According to Manisha Bhandari, counsel for Pandher, of the total 19 cases lodged against the two in connection with the Nithari killings, the CBI filed closure reports in three citing lack of evidence.
Pandher now stands acquitted in all six cases lodged against him — which means he will walk free. Koli, however, will continue to be behind bars owing to a Supreme Court judgment that upheld the death penalty handed to him in the 2005 murder of a 14-year-old girl.

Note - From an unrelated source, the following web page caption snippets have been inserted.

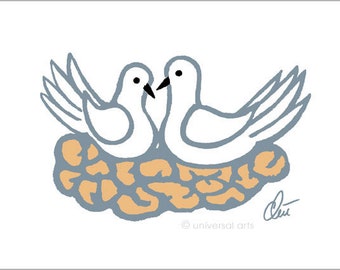Jacqueline Ditt - "Doves" (Tauben) original graphic ARTcard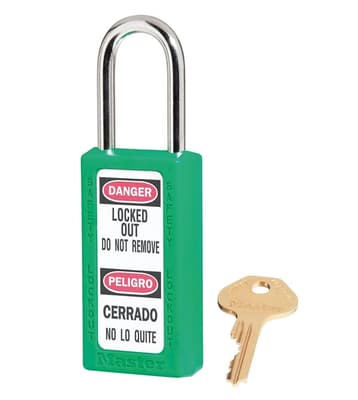 Master Lock® Zenex™ Padlock, Keyed Different, Color-Coded, 1/4" Dia x 1/5" Shackle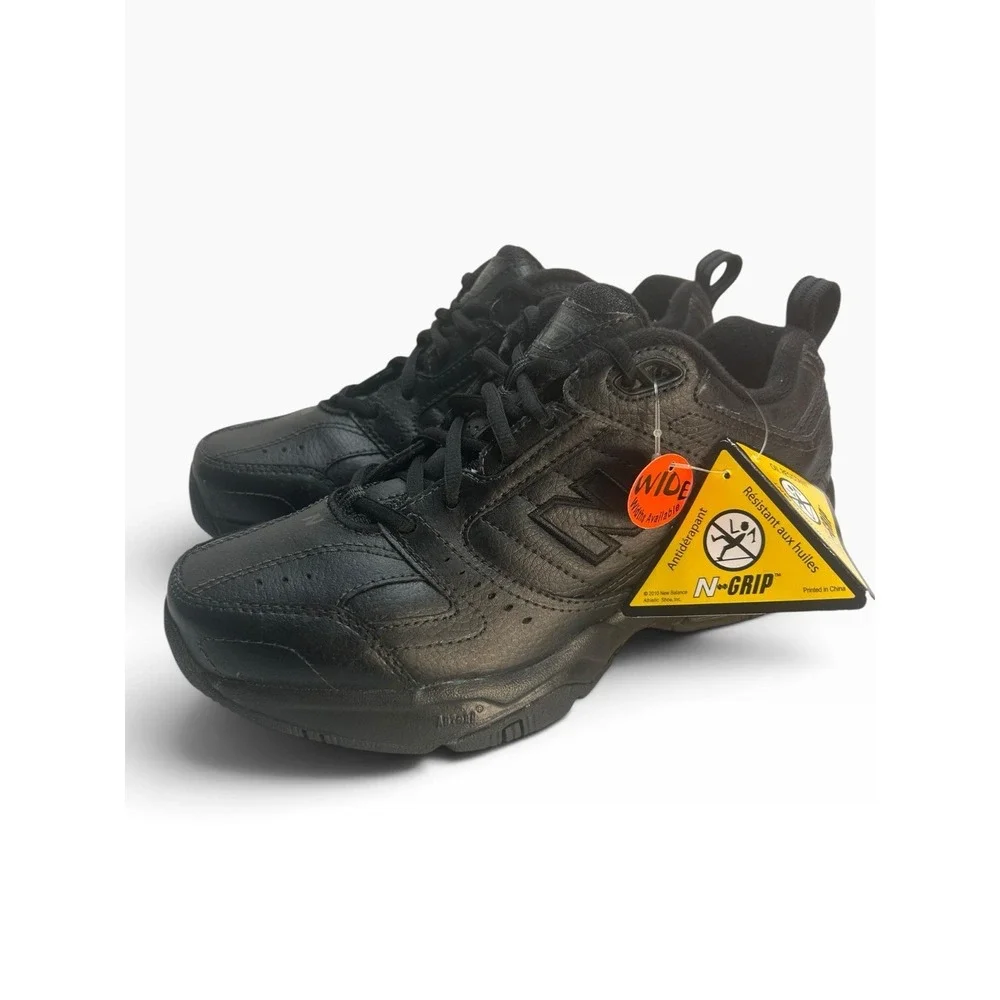 New Balance Men's 608 v2 MX608V2B Triple Black Leather Training Shoes Size 6.5 W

In this particular case, Pandher was acquitted by the Allahabad High Court earlier.
Koli worked as the domestic help at Pandher’s residence in Nithari village in Noida’s Sector 31. In December 2006, the recovery of skeletal remains of eight children from the drain behind Panther’s residence led police to suspect the two of serial killings.
ThePrint looks back at the events that transpired since the Nithari killings first came to light 17 years ago and how the case later took many turns, from allegations of sexual assault, murder and cannibalism to allegations of dereliction of duty against police officers.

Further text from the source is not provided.